New Satellite-Derived Bathymetry of Cook Islands

Satellite technology has been used to chart shallow areas of the Cook Islands’ seafloor in never-before-seen detail by scientists at the National Institute of Water and Atmospheric Research (NIWA) and Toitū Te Whenua Land Information New Zealand (LINZ) working with the satellite data analytics company EOMAP GmbH.

The work was carried out as part of The Nippon Foundation-GEBCO Seabed 2030 Project, a collaboration aiming to bring together all available bathymetric data to produce the definitive map of the world’s ocean floor.

The discovery coincided with the One Ocean Summit, held in France, which saw UNESCO call on the international community to strengthen efforts in pursuit of mapping the remainder of the ocean floor. To date, 20.6 percent has been mapped.  

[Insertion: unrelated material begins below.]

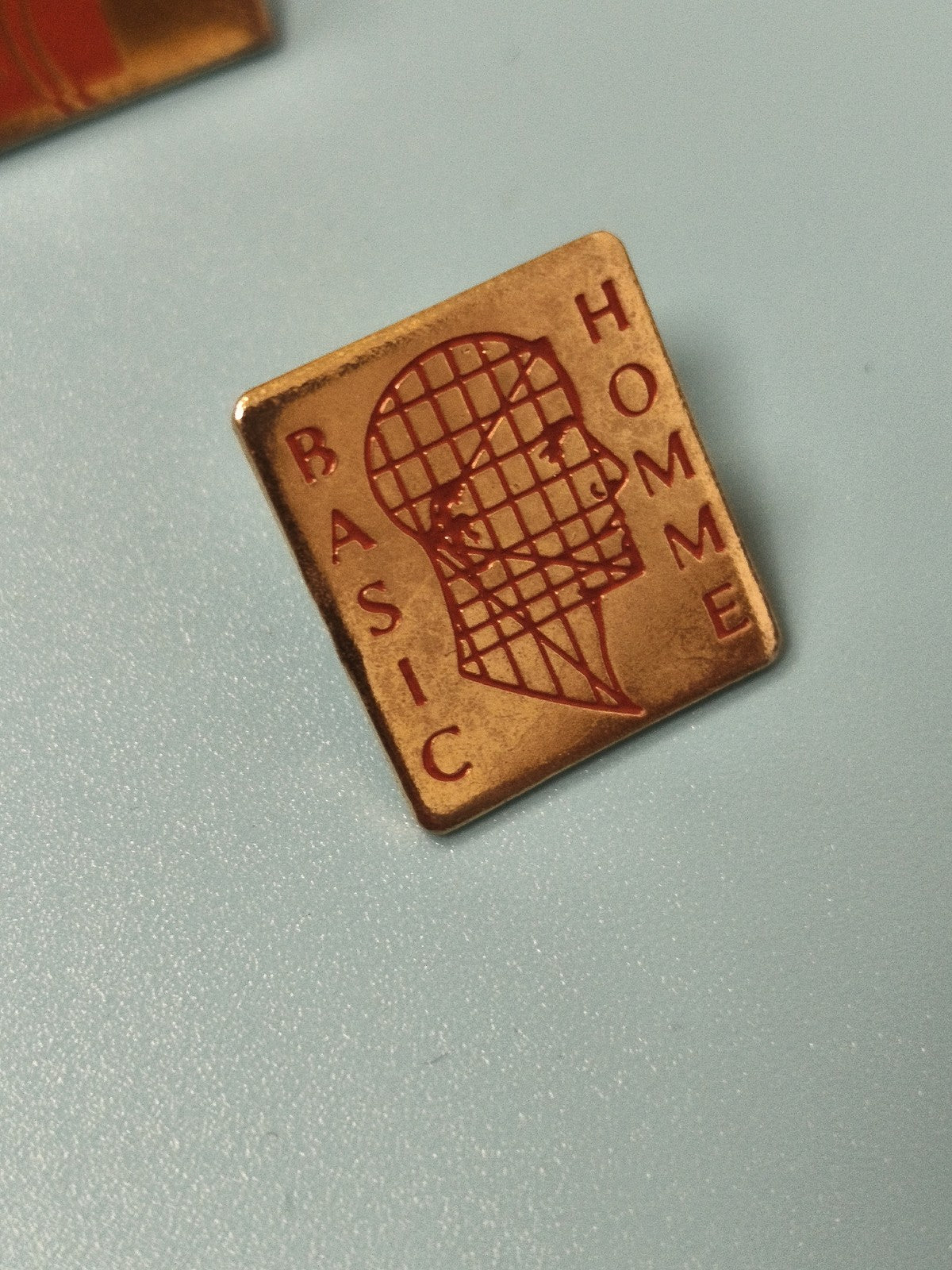 Vintage pin's carré BASIC HOMME doré motif tête géométrique ancien rare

The chart of Suwarrow and Pukapuka in the Cook Islands builds upon decades-old surveys, with more accurate positioning and wider coverage, including information on harder to reach areas such as shallow lagoons.

The images are taken from two commercially owned satellites, World-View-2 and GeoEye-1, which provide extremely high-resolution pictures of the Earth’s surface. As a result, data accuracy is greatly improved. Satellite-derived bathymetry can be used to a maximum water depth of 30 m.